A few years after high school Chris Maddox worked on circuit board assembly—it was here where she learned her skills through hands-on work. She first heard about Atari when her friend from high school, Betsy who worked in the stockroom, encouraged her to come work for Atari in manufacturing. At the time, Atari went by the name Syzygy, and its manufacturing took place in a building called the “Old Continental Ballroom,” where employees manufactured circuit boards for coin-operated game consoles. The vast majority of the people soldering circuit boards on the assembly line were women, and Chris Maddox joined them in 1972.
Chris was proud of her work, which she could do quickly and accurately. When her work went to quality control, it never came back. As she recalled: “It might take a little longer to do, but I never got it back. So do it right the first time, even if it takes a little longer.” Due to her extraordinary skill for electronic mechanical construction, Chris was asked to build the first prototype for an automatic chip tester at Atari; she built it without hesitation. When manufacturing needed a new lead for the assembly line, Chris won the competition to see who could solder the quickest and most accurately; however another woman got the promotion due to seniority. Chris’s precision work was impressive and later she was promoted to work in quality control herself.
After months at Atari, Chris grew tired of continually ingesting the smell of solder on the assembly line. The solder infiltrated her lungs and eyes, causing lasting irritation. In response, she asked Atari management for a new position, and became a “gofer” for purchasing. In her words, a gofer means that “you go for this and you go for that.” In the coming years, she began trucking material and products across the city. As a truck driver, she enjoyed the fresh air and frequent interactions with people. One of her tasks as a gofer was to pick up prototype cabinets and bring them to the silk screening company where they added the artwork onto the exterior of coin-operated game consoles. She remembers a Mountain View trip where she picked up the game console cabinet from the silk screening company for Atari’s first famous arcade game “Pong.” After delivering the cabinet in Los Gatos, she was called back the next day to return it to the silk screening company. The cabinet tag “Pong” was to be replaced by “Ping.” It turned out that the cabinet was on its way to Australia, and in Australia “Pong” means “a stench or bad smell,” thus the need to change the name.

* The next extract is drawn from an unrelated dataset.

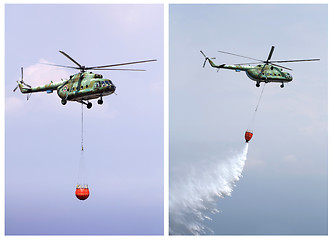 Image showing Helicopter extinguish fire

Chris Maddox left Atari after her fiancé was fired due to a closure in the manufacturing department he was working in. When she left, she expressed during a department meeting that she would not work for a company that treated employees as disposable. After leaving Atari, Chris Maddox worked for 36 more years as an electro-mechanic in domains as varied as digital communication, robotics, and pneumatics. Her work included final assembly of large electro-mechanical devices, and she enjoyed working on ladders when she added huge fans on top of large machinery. She knows all there is to know about mechanical assembly.